Néanmoins, certaines coplas  évoquent la joie,  la naissance heureuse de l'amour, où d'autres thèmes festif  et joyeux car le peuple andalou sait rendre hommage à la vie.

Ce peuple vit avec la poésie, y compris celle des poètes académiques: les textes de Machado, Lorca ou Bécquer sont connus de lui , car ces poètes ont puisé leur inspiration dans la poésie populaire andalouse.

Les poètes du Flamenco:

Federico Garcia Lorca  :           

Célèbre poète et écrivain de théâtre, Federico Garcia Lorca est né le 5 juin 1898 à Fuente Vaqueros, près de Grenade. Surtout reconnu pour son talent d'écrivain, Lorca était aussi un peintre et un musicien accompli. Dans ses oeuvres,  Il s'inspirait du folklore gitan et plus particulièrement du Flamenco , musique populaire de son Andalousie natale. Poète des gitans, grand admirateur de la lune et de la nature, plongé dans le chaos new-yorkais qui préfigure le monde moderne, il fait éclater sur la page et dans nos cœurs un feu d'artifice d'images fulgurantes et douloureuses.
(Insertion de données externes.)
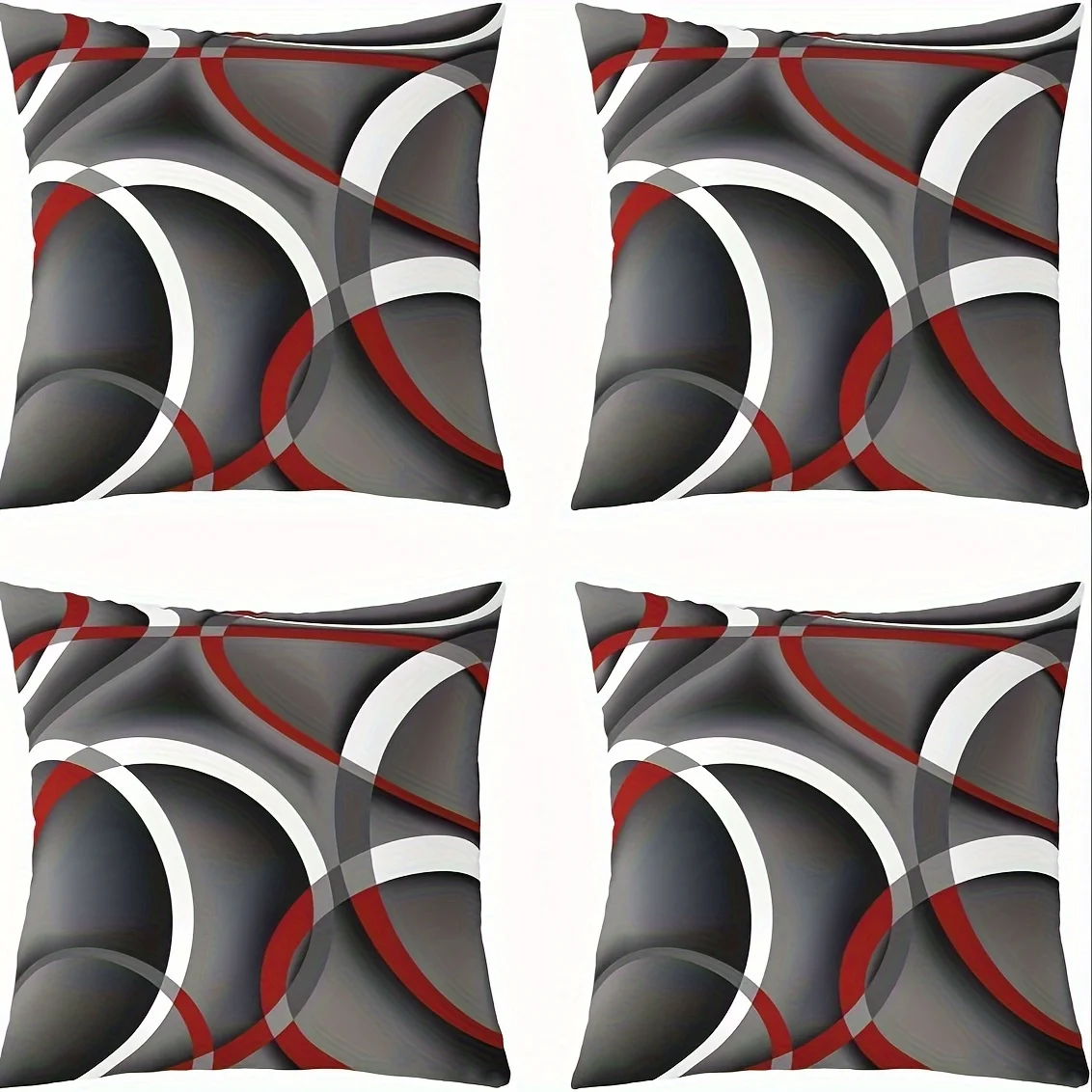 4-piece Modern Geometric Print Pillowcases - Soft Grey, Suitable for Living Room, Bedroom, or Office Decor, Insert Not Included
En 1922, Garcia Lorca et le compositeur Manuel de Falla organisèrent la " Fiesta del cante Jondo", un festival de musique folklorique consacré à la chanson profonde. C'est dans deux de ses poèmes les plus importants, ""Poema del cante jondo" et "Romencero gitano " que l'on ressent le plus l'influence du flamenco. Ces deux poèmes révèlent , sous forme lyrique, les impulsions musicales, poétiques et spirituelles de Lorca.
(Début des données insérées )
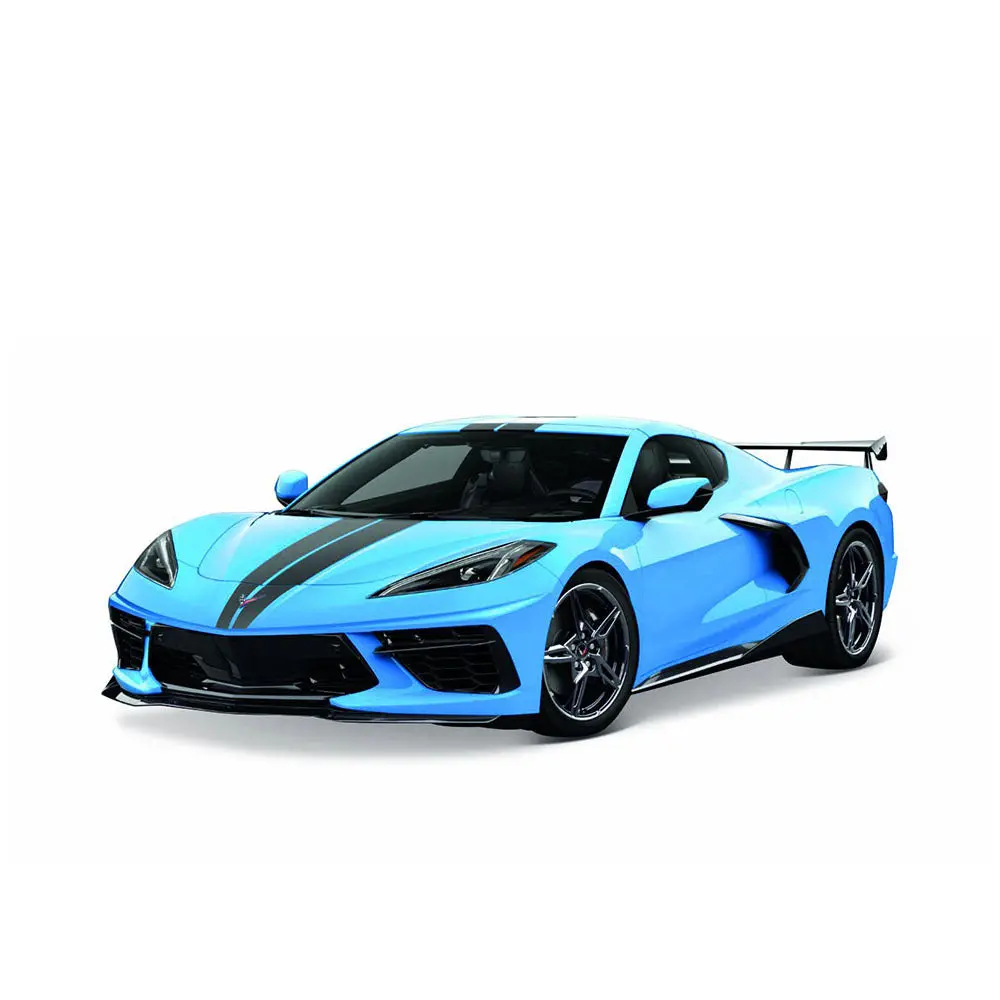 Maisto Licensed 1:18 Scale Chevrolet Corvette Stingray Coupe High Wing 2020 Diecast Model Car (Blue) 1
L'influence du flamenco transparaît également dans ses pièces de théâtre " Bodas de sangre", "Yerma", " La casa de Bernarda Alba" où Lorca réussit subtilement à capter l'essence de l'âme divisée du peuple Espagnol de l'époque. Ses livres sont lus dans tous les pays de langue Espagnole et ont connu un immense succès en Argentine, Uruguay et à Cuba. Les principaux thèmes traités dans ses oeuvres sont l'amour, la fierté, la passion ainsi que la mort violente, thèmes qui ont beaucoup marqué sa vie.

Quand éclate la guerre civile, en juillet 1936, il est à Grenade, comme chaque été. Soupçonné de sympathies républicaines, la garde civile civile franquiste vient l'arrêter : le 19 août, Federico Garcia Lorca est fusillé près de Viznar avec ses compagnons de captivité.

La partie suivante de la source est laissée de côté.